_What the exercise asks_:
Leaving out pictures, output exactly the lines below from the one that has "this 250×188 image." through the one that has "this 1468×812 image.", and nothing else.

_Entries shown_:

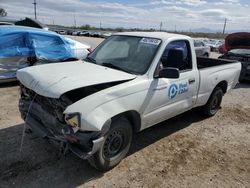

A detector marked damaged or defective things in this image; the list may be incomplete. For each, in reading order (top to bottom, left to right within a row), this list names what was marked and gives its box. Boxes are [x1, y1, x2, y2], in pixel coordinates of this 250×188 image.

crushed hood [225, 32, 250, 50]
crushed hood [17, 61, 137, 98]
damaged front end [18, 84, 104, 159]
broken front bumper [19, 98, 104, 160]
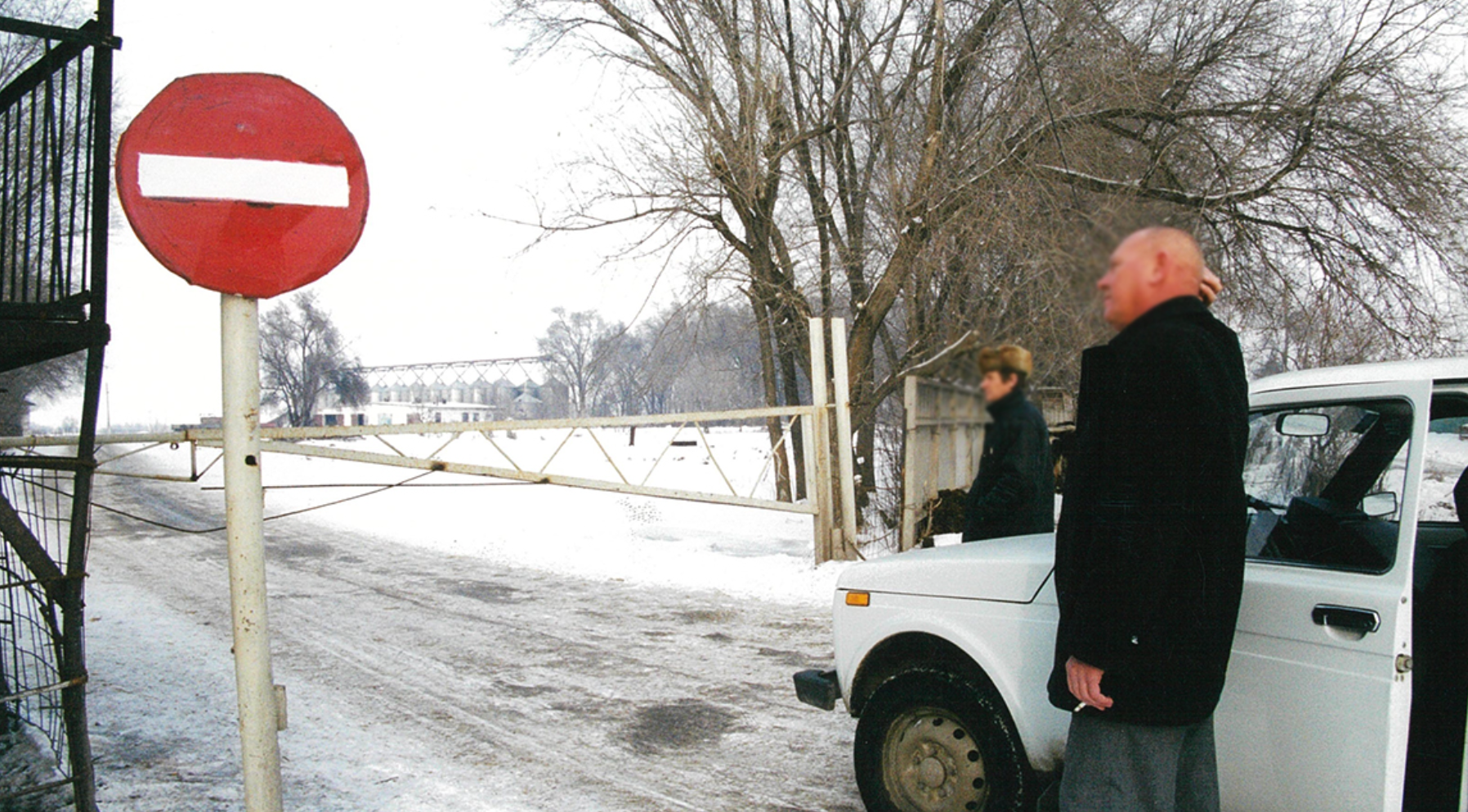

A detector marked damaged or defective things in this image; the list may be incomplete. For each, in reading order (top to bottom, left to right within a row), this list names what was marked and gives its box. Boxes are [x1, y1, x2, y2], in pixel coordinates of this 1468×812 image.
--
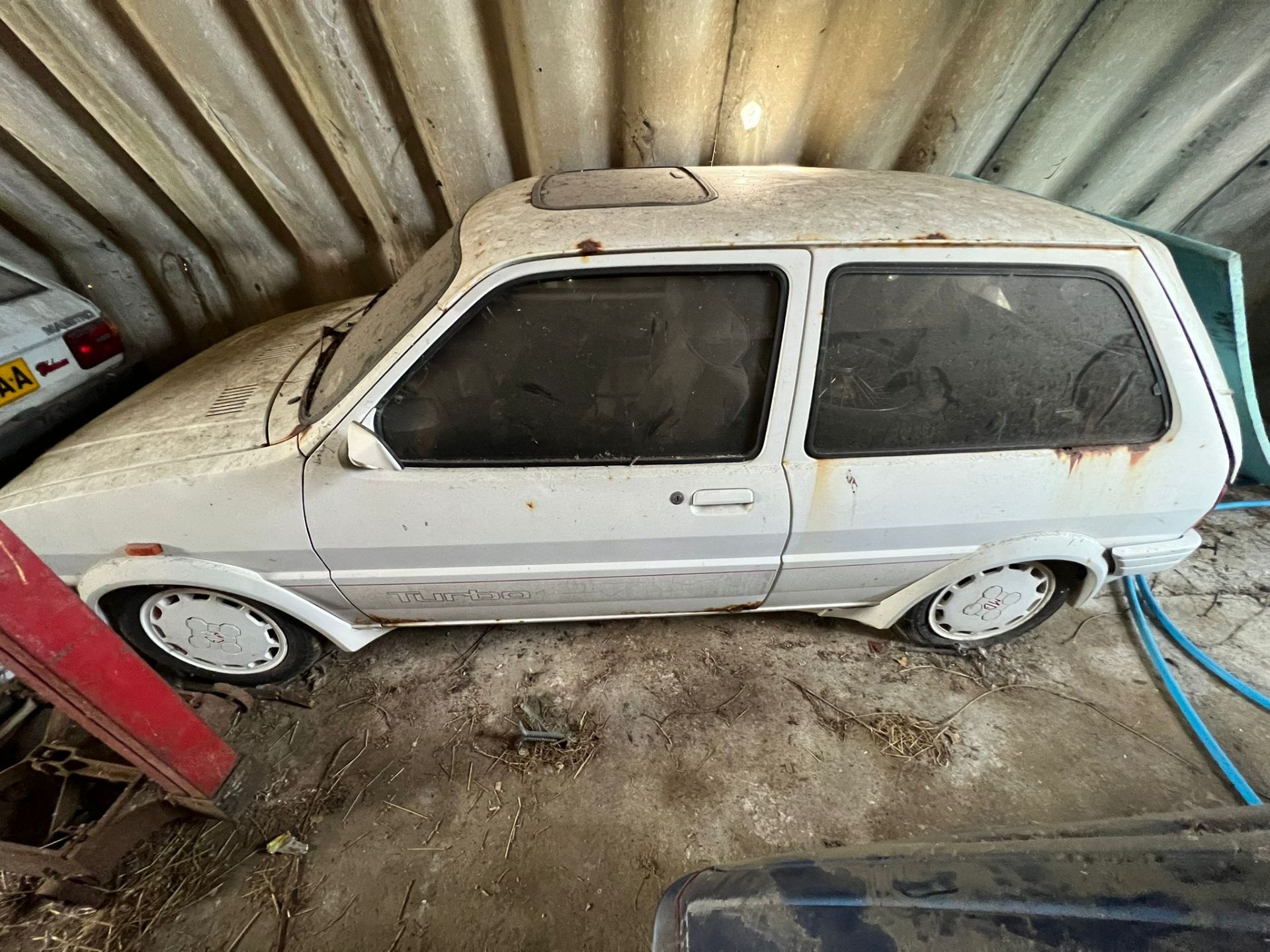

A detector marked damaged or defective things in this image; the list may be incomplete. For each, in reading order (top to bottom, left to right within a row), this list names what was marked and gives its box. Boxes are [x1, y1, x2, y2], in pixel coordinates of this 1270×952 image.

_Task answer_:
A detector marked damaged or defective things in this image; the list may be incomplete. For each, in reading order (top to bottom, left to right within a row), this list names what was marked and gives its box. Boxes are [x1, y1, x2, y2], in pixel coordinates of this 250×188 image.

crushed hood [225, 32, 250, 50]
crushed hood [17, 61, 137, 98]
damaged front end [18, 84, 104, 159]
broken front bumper [19, 98, 104, 160]

A detector marked damaged or defective things in this image; the list may be incomplete. For each, in reading order (top to bottom, left to right within a row), this list names what was marked and gives its box. Boxes are [x1, y1, x2, y2], in pixel coordinates of this 1468×812 image.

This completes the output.